> Exercise instructions
Repeat every record below exactly, but leave out any pictures.

[Records provided — start]

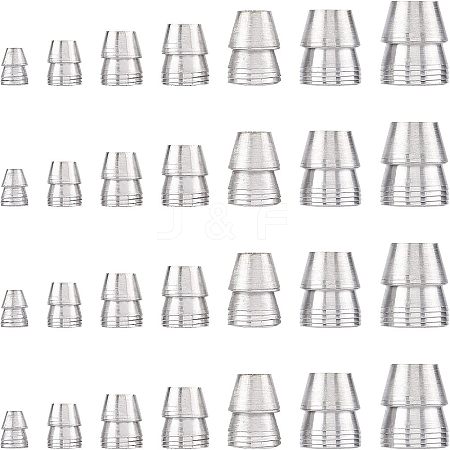 28Pcs Iron Handle Wedge IFIN-FH0001-56-1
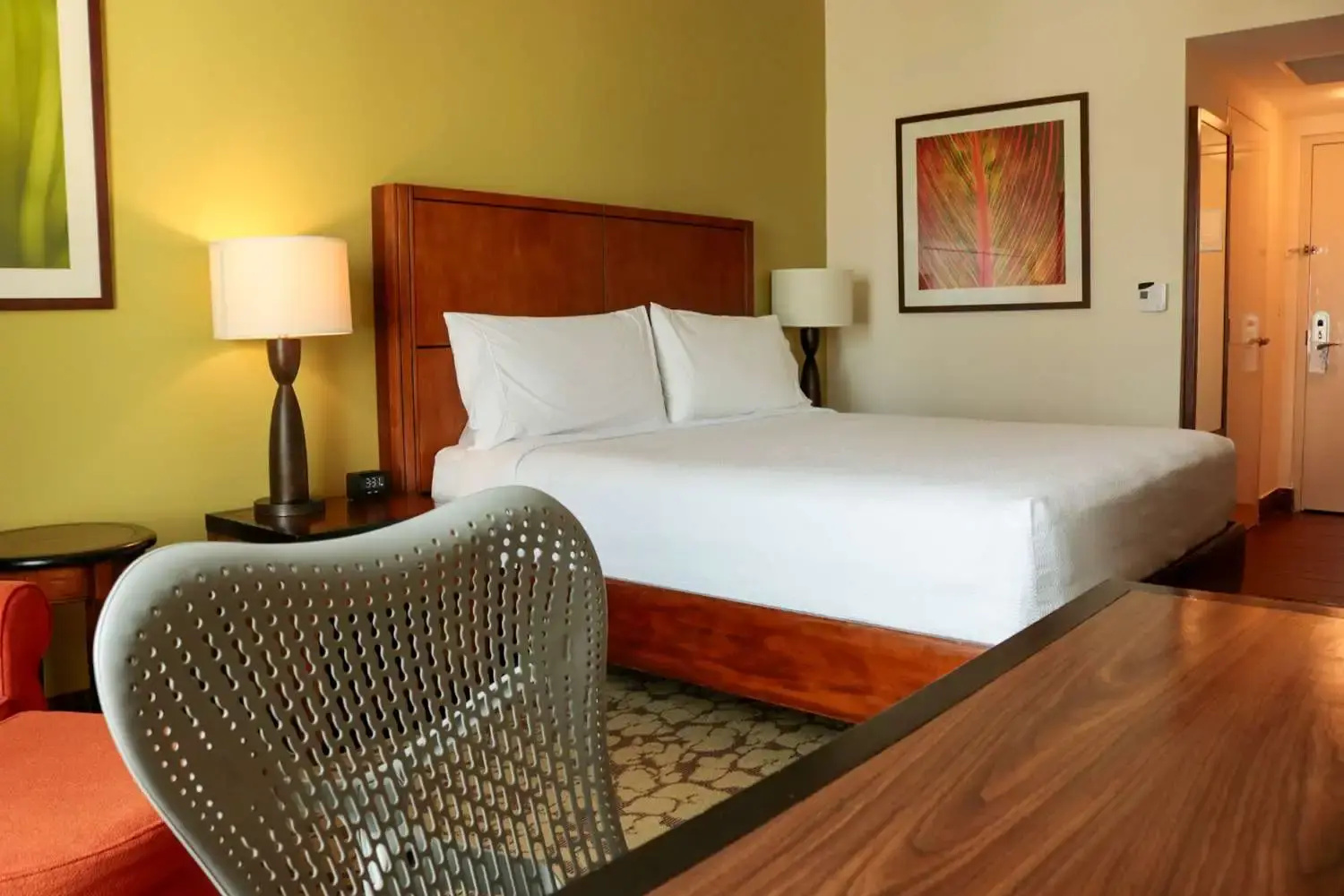 Foto - Hilton Garden Inn Panama City Downtown, Panama
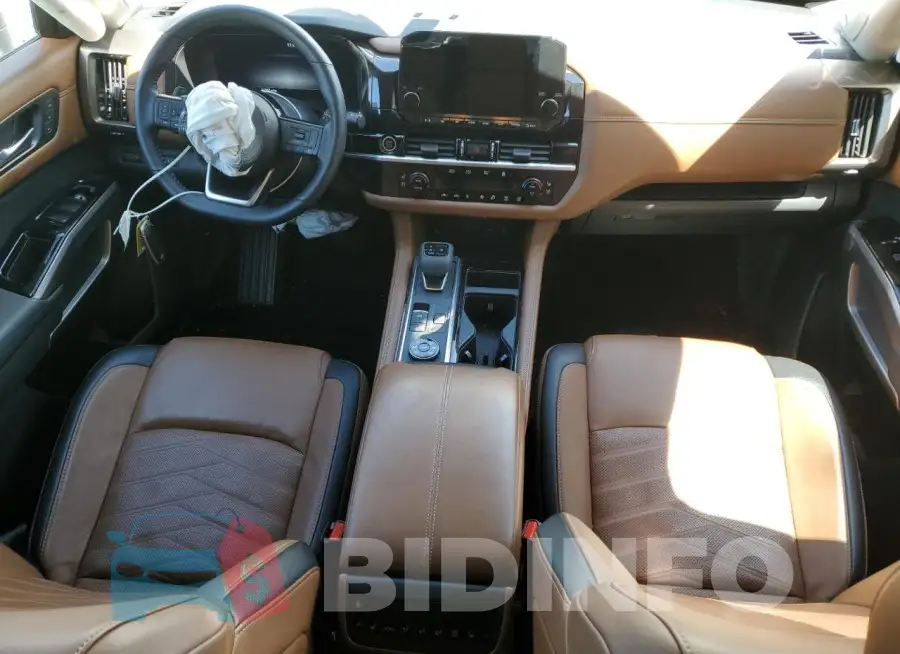 5N1DR3DJ8RC211515 Photo# 8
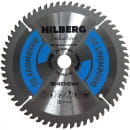Диск пильный серия Hilberg Industrial Алюминий 180*60Т*20 mm (HA180) 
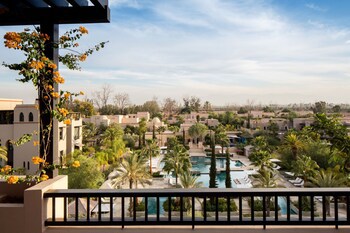 Four Seasons Resort Marrakech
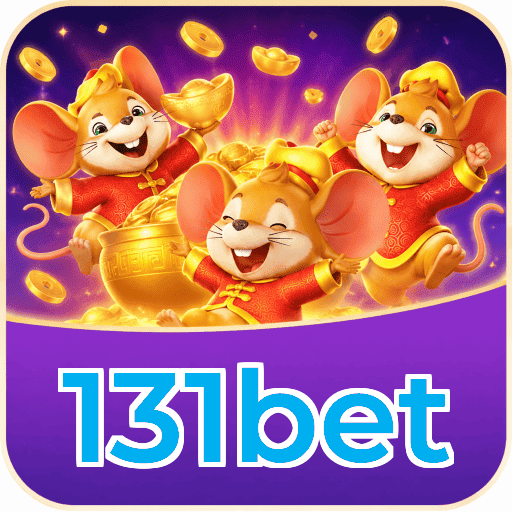 131bet Logo - Bônus de Cadastro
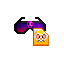夕陽天堂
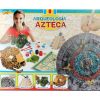 Arqueología Azteca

[Records provided — finish]

> Result of the task
 28Pcs Iron Handle Wedge IFIN-FH0001-56-1
 Foto - Hilton Garden Inn Panama City Downtown, Panama
 5N1DR3DJ8RC211515 Photo# 8
Диск пильный серия Hilberg Industrial Алюминий 180*60Т*20 mm (HA180) 
 Four Seasons Resort Marrakech
 131bet Logo - Bônus de Cadastro
夕陽天堂
 Arqueología Azteca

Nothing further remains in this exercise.